Tasman Glacier Retreat

Update for 2/22/2011-the Tasman Glacier’s thin and weak terminus area, see in the GE image below, in Tasman Lake shed some large icebergs due to the earthquake generating some substantial waves in the lake. The post earthquake image with numerous fresh icebergs is the second below and is from the EPA. No word on the Hooker Glacier in the next valley west, which also calves into an expanding lake or Murchison Glacier in the next valley east. There is a Tasman Glacier update in 2013.. The New Zealand National Institute of Water and Atmospheric Research has been examining the changes in volume and snowline on New Zealand Glaciers since 1977. This survey has concluded for 2009 they same observation as for 2007 and 2008, the glaciers are shrinking. An examination of the recent volume changes on the glacier indicate that the volume has been particularly negative since 1998.. This followed a period of relatively positive mass balance from 1990-1997, which made the New Zealand glaciers the least rapidly retreating glaciers in the world. For Tasman Glacier the retreat has been ongoing, the NWIA has noted a retreat of 180 m per year on average since the 1990’s. The proglacial lake at the terminus continues to expand as the glacier retreats upvalley. The lake is deep with most of the lake exceeding 100 metes in depth, and the valley has little gradient, thus the retreat will continue.

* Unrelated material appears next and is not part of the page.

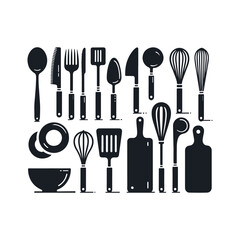 Set of kitchen utensils silhouette vector art illustration on a white background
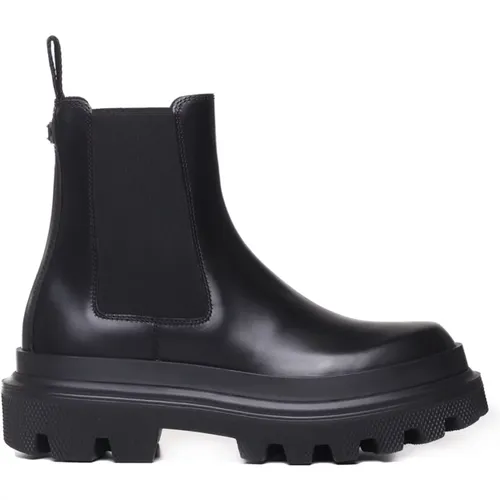 Schwarze Stiefel mit mattem Finish , Herren, Größe: 39 EU - Dolce & Gabbana - Modalova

It has been noted by researchers at Massey University that it is just to warm for the terminus area at 730 m to endure. Imagery of Tasman Glacier indicates the future it faces. There was no lake in 1973 and now it is more than 7 km long. The glacier appears quite rotten along the ice margin and poised for further retreat. The glacier drains a valley just east of the highest mountains in the range Mount Cook and Mount Tasman. . The image above has a blue line up the center of the glacier from the former terminus at the end of the lake too the head of the glacier. The upper image is from 2007 and the lower image from 2009. In the latter image the lake has expanded considerably. The disconnected lakes and debris covered ice on the left side-west side of the glacier has been replaced by all lake. Icebergs are afloat in this lake, they do not survive very long. The debris cover itself insulates the glacier ice from melting, slowing the process. However, the process due to the warmth and increased melting of the last decade has been increasing.

In the image below is a closeup of the section of ice that has now disintegrated, before it did. You can see the crevasses in some of the icebergs too. This is a rapidly changing environment due to the ongoing climate warming.